Your assignment. Reproduce only the lines that run from the line containing "Aparthotel Emirganli, Istanbul" to the end of the entries below, exactly as they stand.

════════════════

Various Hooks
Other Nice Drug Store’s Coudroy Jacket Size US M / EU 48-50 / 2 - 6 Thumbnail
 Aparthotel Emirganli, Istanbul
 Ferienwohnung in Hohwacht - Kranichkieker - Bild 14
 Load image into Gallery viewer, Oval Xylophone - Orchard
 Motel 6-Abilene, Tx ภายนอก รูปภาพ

════════════════

Expected answer.
 Aparthotel Emirganli, Istanbul
 Ferienwohnung in Hohwacht - Kranichkieker - Bild 14
 Load image into Gallery viewer, Oval Xylophone - Orchard
 Motel 6-Abilene, Tx ภายนอก รูปภาพ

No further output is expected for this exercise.